Yesterday was Father’s Day to most of the world, but I decided to make it Jaiquawn Jarrett Day. I liked watching him play in 2010, but was still really caught off guard when the Eagles took him in the 2nd round. He’s grown on me since the draft, but I decided to do some more tape study and research on him.
I watched him vs Ohio and UConn. He picked off a pass in the Ohio game. It was a poor downfield throw. Jarrett was in the right postion and showed pretty good ball skills in making the pick. He played very little in the box in that game, generally staying deep as the FS. He did take good angles to the ball when going to make tackles.
UConn was a different game. They run a lot. That allowed Jarrett to move around more and get some time in the box. The two best plays Jarrett made were on run blitzes. He took on pulling Guards. He didn’t do this in space by diving at their feet. He took them on in traffic and did so up high. On one play he fought off the block and got in on the tackle (a TFL I think). The other play he affected the run by stuffing the G and let a LB make the tackle. You like it when a 198-pound Safety has no hesitance about taking on 300-pound linemen. Hell, he expects to beat them. That’s a mentality I want in a SS.
Jarrett can play FS or SS. I think he’s okay in space. I think he really shines when he plays in the box. He is a good hitter, but I’m real impressed with him as a tackler. I can’t tell you how many young DBs won’t tackle. They “cut tackle”, meaning that they try to dive through the legs of the runner/receiver without wrapping up. That can work in college, but is dangerous in the NFL. Try that on Adrian Peterson and you’ll bounce off and watch him run for a TD. You must wrap up. Jarrett goes low when he tackles and pretty consistently is able to wrap up his targets. There are some plays when he will just hit the guy, but sometimes that’s all you can do.
He did knock one receiver out of the UConn game. The player was trying to get away from one defender who had him by the leg. Jarrett came up to finish things off. And being a nice young man, he decided to help the receiver to the ground. It was a tad forceful so the training staff had to come out and help the receiver to the sideline. Not a dirty hit at all. Just tough.

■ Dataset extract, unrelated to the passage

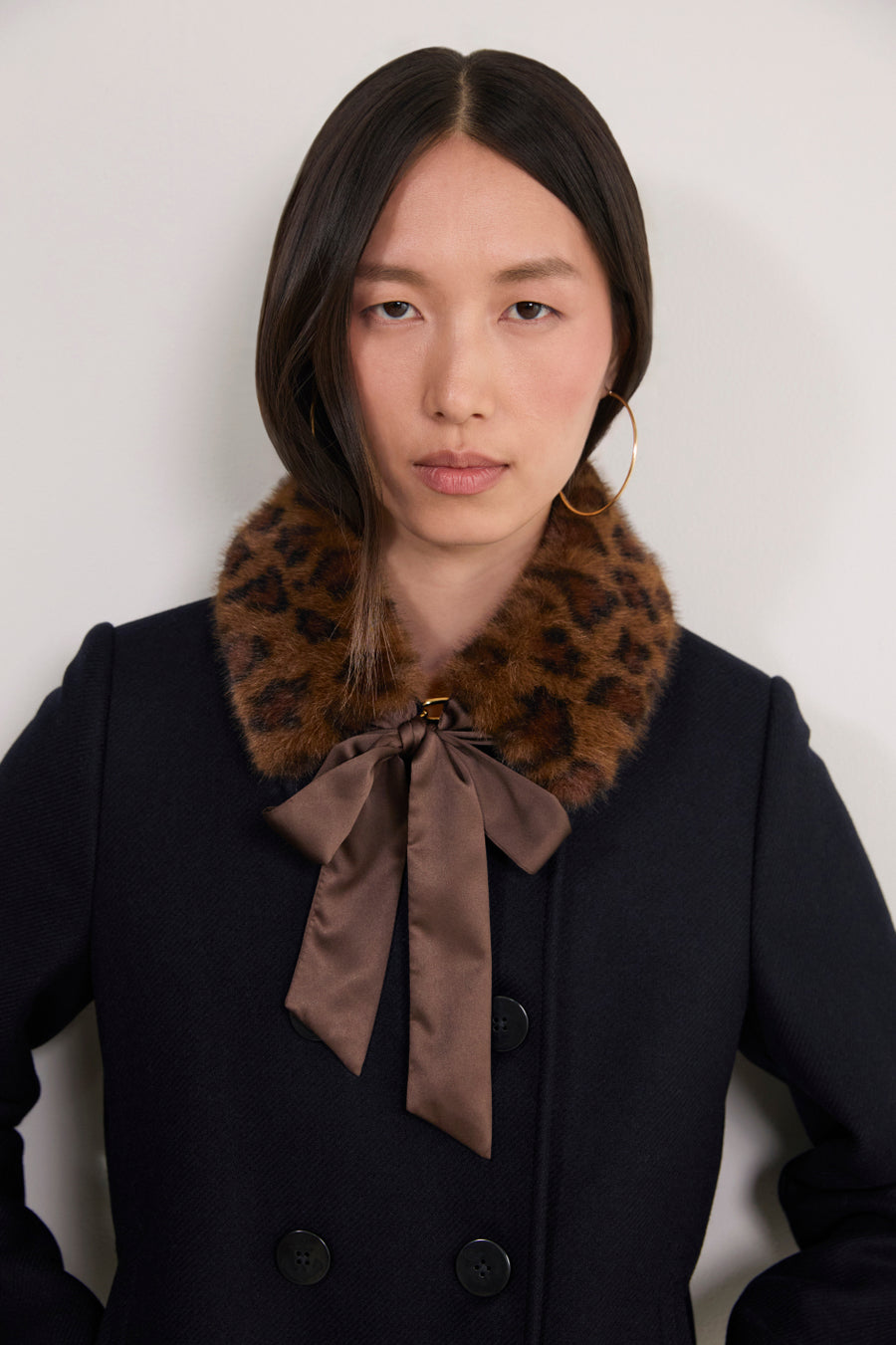 Leah Faux Fur Collar - Leopard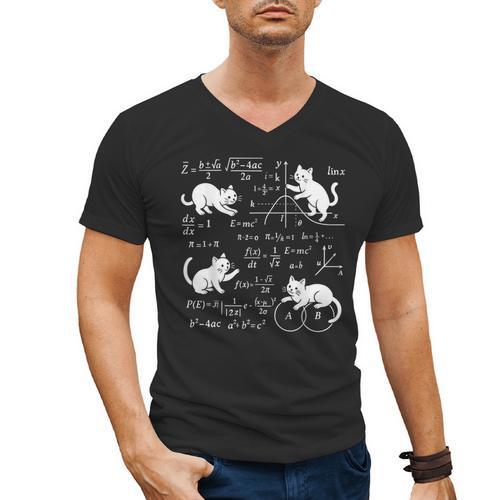 Cats And Math Lover Cat Lover Science Teacher Student Men's V-Neck T-Shirt - teacherstshirts.com UK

I happened to re-listen to Greg Cosell of NFL Films talking about him to Dave Spadaro. Greg loved Jarrett. I think he said Jaiquawn was his highest rated Safety in the whole draft. Here’s the link to the Eagles Live talk with Cosell. Interestingly, he mentions the Eagles should go after a CB in the 3rd round. Dave asked who the Eagles should get. Cosell didn’t know who the Eagles might like, but did mention that he was high on this kid named Curtis Marsh. Clearly Cosell was on the same page as Andy Reid, Howie Roseman, and Juan Castillo when it came to evaluating DBs.
Cosell mentions how much he loved Jarrett in the Temple/Penn State game. Someone was kind enough to put together a great video of Jarrett in that game. He missed a tackle on one of the first plays and then played lights out the rest of the way. Here’s that game.
Jarrett played in the Senior Bowl. A dedicated Temple fan put together a video of Jarrett’s snaps from the game. He played both SS and FS. He looks so much more natural in the box. The thing to watch for in this video is just how physical he is with guys who try to block him. You’ll also see him in man coverage in some sets. That isn’t his strength, but he’s also not completely lost. Here’s the Senior Bowl clips.
Many of you know my good friend Matt Alkire from our work together at ScoutsNotebook. He is a recruiting guru for Scout.com. Matt spoke to an assistant coach for a team that faced Temple multiple times in the last four years. Matt asked the coach his thoughts on Jarrett. To paraphrase it as nicely as possible, “Thank god he’s gone.”
The coach gave Jarrett the ultimate compliment for a Safety. He said that his runners/receivers hated crossing the middle because they knew Jarrett was back there and could unleash some brutal hits. The coach had seen Jarrett really pop some of his guys and wanted Jaiquawn to graduate or get locked up (purely a joke because of the hits), but that he was tired of facing him.
If ever there was a glowing recommendation from an opposing coach for a physical Safety, that’s it. Forget about your resume, that’s what you want on your tombstone. “Here lies a Safety that opposing coaches and players hated to face because he regularly knocked the crap out of them.” Pure poetry.
We won’t know if Jaiquawn Jarrett is ready to start this year until we see him in practice and the preseason. I do know that the more I read and hear about the guy does give me confidence that he’s the kind of rookie who can play right away. A quick resolution to the lockout situation would certainly help Jarrett’s case to be the starter quite a bit. He can’t make up for the missed time, but it is still possible for him get plenty of work in before the real games are schedule to start.